WHAT THE EXERCISE ASKS: The following data has a line with "Pinoy Biggest Loser" and a line with "Butterfly Business Card". Write out exactly those lines and all the lines between them.

MATERIAL FOR THIS TASK Block Start

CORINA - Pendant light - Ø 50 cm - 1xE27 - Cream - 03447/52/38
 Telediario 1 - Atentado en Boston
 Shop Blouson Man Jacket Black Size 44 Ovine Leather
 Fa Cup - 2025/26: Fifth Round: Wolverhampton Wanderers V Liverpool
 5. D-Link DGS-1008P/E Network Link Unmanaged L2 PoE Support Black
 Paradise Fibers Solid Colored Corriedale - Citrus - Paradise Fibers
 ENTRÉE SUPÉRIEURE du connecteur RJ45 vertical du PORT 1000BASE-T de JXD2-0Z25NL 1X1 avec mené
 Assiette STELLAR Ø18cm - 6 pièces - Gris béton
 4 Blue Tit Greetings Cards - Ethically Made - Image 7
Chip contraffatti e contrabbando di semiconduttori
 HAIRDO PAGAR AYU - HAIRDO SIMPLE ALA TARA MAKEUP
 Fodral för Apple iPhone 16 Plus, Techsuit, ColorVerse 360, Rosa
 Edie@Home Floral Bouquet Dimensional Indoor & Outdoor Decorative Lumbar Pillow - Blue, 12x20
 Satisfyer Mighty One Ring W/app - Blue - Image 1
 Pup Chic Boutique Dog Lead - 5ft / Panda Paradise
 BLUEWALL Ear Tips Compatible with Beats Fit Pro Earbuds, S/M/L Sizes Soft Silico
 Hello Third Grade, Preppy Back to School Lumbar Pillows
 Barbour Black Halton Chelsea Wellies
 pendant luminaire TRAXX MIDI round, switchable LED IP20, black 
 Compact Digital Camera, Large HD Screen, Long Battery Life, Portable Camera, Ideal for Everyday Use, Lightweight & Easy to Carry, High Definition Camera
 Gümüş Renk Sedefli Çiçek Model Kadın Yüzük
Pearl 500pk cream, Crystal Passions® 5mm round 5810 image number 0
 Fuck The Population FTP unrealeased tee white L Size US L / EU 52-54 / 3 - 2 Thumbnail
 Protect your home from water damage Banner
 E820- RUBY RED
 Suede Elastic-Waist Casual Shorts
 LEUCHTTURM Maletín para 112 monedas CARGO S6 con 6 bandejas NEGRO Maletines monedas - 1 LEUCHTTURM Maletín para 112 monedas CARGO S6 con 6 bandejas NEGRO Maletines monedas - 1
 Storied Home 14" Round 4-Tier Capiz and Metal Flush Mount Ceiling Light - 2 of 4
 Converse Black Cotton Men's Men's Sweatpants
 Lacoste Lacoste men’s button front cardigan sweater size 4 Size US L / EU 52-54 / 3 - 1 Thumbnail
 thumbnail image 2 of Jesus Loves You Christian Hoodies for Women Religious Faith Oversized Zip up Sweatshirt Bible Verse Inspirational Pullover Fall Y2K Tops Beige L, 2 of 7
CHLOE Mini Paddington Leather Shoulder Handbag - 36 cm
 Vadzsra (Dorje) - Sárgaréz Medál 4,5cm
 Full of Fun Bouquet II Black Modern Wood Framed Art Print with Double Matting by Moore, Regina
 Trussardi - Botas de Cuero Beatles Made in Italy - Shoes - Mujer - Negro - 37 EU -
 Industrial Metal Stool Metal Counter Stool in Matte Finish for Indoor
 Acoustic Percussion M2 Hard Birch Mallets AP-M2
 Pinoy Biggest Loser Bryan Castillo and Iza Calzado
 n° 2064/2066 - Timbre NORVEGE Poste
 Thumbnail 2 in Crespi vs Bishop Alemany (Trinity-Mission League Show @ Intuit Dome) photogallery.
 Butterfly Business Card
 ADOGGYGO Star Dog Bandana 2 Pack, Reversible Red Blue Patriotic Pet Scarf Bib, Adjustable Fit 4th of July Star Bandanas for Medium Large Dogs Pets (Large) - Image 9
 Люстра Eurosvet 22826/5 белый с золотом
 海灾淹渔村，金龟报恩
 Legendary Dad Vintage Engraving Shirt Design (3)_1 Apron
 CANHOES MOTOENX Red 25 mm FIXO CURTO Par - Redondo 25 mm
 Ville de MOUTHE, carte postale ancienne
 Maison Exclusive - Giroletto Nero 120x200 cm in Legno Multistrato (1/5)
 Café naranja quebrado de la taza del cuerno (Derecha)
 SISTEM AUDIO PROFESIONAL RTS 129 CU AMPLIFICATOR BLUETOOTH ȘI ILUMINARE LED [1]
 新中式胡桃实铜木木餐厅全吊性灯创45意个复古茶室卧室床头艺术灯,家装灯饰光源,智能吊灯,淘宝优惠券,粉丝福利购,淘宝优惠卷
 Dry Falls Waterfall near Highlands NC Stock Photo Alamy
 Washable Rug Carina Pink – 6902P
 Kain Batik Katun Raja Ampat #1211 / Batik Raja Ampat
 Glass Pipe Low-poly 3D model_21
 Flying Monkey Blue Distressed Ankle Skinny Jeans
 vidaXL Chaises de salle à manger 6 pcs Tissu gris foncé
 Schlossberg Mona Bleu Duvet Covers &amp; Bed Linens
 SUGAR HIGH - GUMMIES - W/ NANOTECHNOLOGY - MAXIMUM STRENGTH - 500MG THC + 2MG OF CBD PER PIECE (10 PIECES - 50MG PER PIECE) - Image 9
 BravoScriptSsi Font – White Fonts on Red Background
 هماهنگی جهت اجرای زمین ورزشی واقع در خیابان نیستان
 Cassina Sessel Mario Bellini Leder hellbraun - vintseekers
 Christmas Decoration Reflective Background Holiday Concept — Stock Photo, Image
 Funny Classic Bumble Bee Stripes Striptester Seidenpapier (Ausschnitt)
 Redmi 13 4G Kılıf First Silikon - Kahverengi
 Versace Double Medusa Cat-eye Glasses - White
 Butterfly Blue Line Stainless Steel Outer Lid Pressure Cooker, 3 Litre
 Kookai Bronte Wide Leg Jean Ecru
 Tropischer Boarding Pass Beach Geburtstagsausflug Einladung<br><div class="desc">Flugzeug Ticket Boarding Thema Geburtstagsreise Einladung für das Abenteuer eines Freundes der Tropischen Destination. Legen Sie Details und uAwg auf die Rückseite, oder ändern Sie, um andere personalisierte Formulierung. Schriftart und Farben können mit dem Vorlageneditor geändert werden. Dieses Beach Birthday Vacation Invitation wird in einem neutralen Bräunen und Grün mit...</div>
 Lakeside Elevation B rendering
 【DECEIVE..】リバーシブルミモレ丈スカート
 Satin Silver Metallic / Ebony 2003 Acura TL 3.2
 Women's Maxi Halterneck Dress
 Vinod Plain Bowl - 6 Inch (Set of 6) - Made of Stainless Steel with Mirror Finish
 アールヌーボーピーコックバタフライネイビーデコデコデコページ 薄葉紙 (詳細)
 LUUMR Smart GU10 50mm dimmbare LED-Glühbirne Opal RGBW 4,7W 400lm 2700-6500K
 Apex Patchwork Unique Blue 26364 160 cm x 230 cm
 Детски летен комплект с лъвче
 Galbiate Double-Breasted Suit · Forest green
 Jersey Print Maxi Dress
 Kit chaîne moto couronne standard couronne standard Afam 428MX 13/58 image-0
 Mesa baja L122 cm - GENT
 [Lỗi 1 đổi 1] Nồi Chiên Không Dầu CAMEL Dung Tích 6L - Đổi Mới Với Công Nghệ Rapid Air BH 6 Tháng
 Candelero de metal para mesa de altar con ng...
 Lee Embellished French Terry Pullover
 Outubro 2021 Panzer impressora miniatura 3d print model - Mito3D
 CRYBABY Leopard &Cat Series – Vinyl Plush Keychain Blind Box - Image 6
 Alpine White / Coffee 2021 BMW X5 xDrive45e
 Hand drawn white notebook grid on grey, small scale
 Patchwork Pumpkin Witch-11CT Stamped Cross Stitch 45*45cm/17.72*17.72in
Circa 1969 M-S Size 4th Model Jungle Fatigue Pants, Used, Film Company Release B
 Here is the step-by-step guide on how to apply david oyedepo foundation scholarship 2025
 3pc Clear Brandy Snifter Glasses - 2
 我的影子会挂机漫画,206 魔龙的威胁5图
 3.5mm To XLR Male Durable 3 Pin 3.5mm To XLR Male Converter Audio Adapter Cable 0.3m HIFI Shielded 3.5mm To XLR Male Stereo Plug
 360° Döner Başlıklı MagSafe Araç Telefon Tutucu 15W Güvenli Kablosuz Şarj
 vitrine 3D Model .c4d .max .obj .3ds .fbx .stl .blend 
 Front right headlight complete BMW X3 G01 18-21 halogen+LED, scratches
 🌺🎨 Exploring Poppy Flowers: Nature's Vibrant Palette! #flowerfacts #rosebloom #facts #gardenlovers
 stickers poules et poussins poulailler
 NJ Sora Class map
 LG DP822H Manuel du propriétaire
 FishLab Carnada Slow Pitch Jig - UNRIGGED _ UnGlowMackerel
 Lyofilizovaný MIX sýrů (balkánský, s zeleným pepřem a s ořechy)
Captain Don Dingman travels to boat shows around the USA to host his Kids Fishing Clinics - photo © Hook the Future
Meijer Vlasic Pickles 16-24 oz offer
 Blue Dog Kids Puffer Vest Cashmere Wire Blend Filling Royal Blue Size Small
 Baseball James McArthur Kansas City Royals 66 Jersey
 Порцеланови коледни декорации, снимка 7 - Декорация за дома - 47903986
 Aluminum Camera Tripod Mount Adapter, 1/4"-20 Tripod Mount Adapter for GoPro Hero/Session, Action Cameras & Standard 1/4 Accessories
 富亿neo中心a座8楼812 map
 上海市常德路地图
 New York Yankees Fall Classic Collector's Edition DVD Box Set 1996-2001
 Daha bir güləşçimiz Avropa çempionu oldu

MATERIAL FOR THIS TASK Block End

ANSWER TO THIS PROBLEM:
 Pinoy Biggest Loser Bryan Castillo and Iza Calzado
 n° 2064/2066 - Timbre NORVEGE Poste
 Thumbnail 2 in Crespi vs Bishop Alemany (Trinity-Mission League Show @ Intuit Dome) photogallery.
 Butterfly Business Card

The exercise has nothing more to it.